Congress is now in the process of deciding what to do about the tax cut that President Carter proposed to keep the economy expanding. If there is no tax cut at all, according to the Congressional Budget Office, prices might be two-tenths of a percentage point lower by the end of 1980 than they would otherwise have been. But unemployment would be somewhat more than two-tenths of a point higher than it would have been, as Alice Rivlin, the CBO's director, told the House Budget Committee. Since two-tenths of a point means slightly over 200,000 jobs, that is hardly a neligible impact. But neither is it a massive or insupportable increase, compared with the normal monthly fluctuations of employment. In Congress the interest in a big tax cut this year has been tepid from the beginning, and now seems to be fading altogether.
Why has inflation picked up since early this year? Mrs. Rivlin cited several reasons: a surge in food prices, the slide in the international value of the dollar, last January's increases in payroll taxes and minimum wages. To that list we would add the hugely inflationary settlement of the coal strike last March and, not unrelated to it, rising prices of coal and steel. Mrs. Rivlin made an important point about the nature of the current inflation when she observed that, even setting aside the possibility of further new shocks to the economy, it is possible to foresee only a slight reduction in the inflation rate next year. The reason is that prices and wages throughout the country will be moved up by the prevailing inflation figure, whatever that might be, as companies and their employees struggle to maintain the real value of their earnings. Each year's inflation tends to become the base for the following year's rate.
The recent acceleration has revived talk of mandatory controls on wages and prices, in the style of the Nixon program of 1971-73. If there is one thoroughly discredited idea in economic policy, it is that one. Mr. Carter has been absolutely right to rule it out. But if it's out, what's left?
The choices, to be candid, are not brilliant. Experience argues in favor of using a great variety of narrow and specific attacks. Since, for example, raising payroll taxes and minimum wages has contributed to this year's increase in inflation, Congress might want to reconsider - after the election - the laws that would continue to raise payroll taxes and minimum wages in the future.

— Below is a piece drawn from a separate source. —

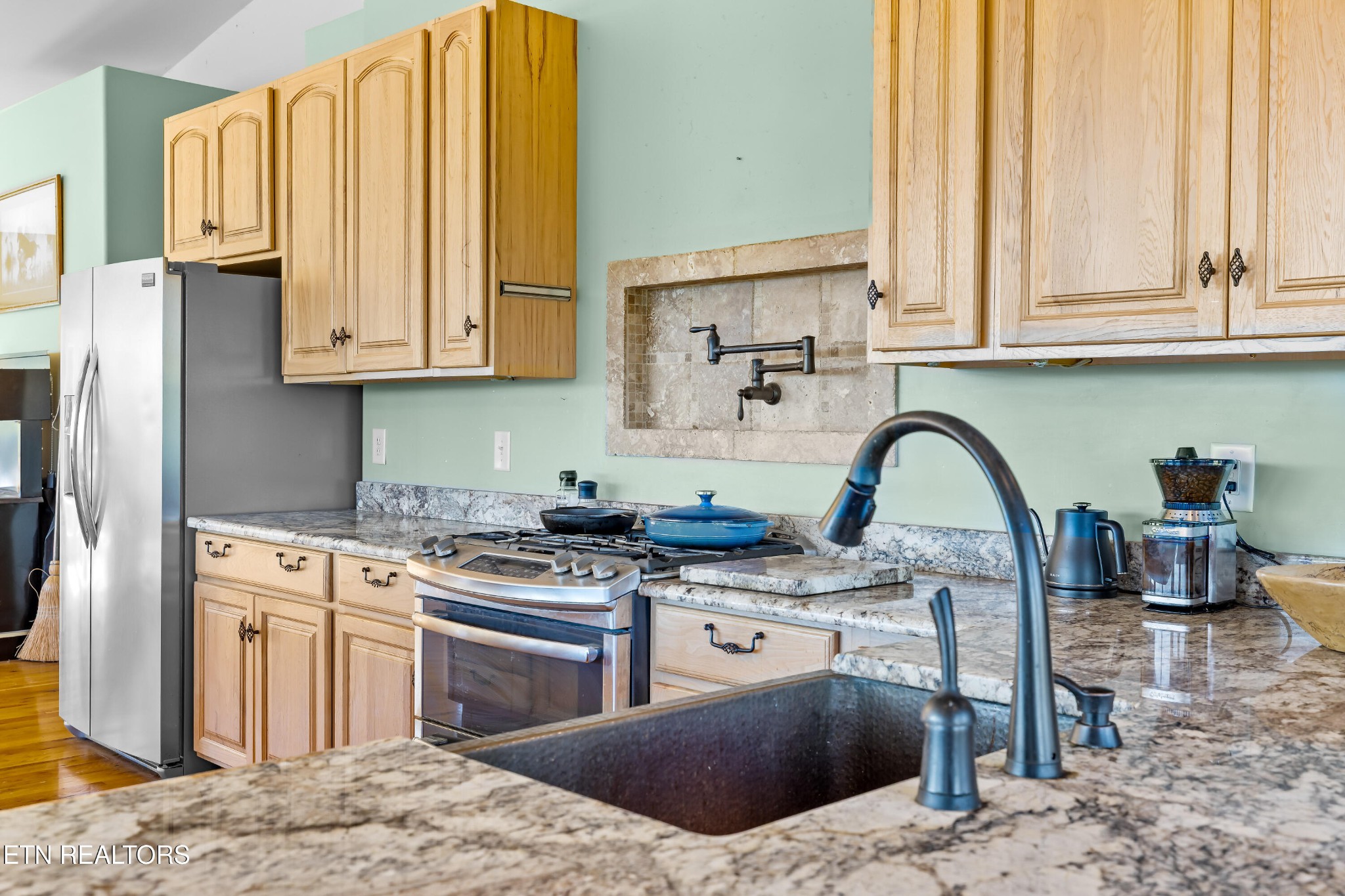 3070 West Fork Road Loudon, TN 37774 - Photo 10 of 48 a kitchen with stainless steel appliances granite countertop a stove a sink and a refrigerator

One interesting new idea is a device known as TIP - for Tax-Based Incomes Policy - that would raise the taxes of a company that gave inflationary wage increases to its employees. The concept and its drawbacks are explored at length, incidentally, in the current issue of the Brookings Papers. The gravest of these drawbacks is that, as a practical matter, it would be extremely difficult to administer. But the present stage of the debate over inflation was accurately described by one of TIP's authors, Henry C. Wallich of the Federal Reserve Board, when he said: "Of course, nobody likes TIP per se. It is really a question of the alternatives. We are running out of good options and have to look at choices among unattractive ones."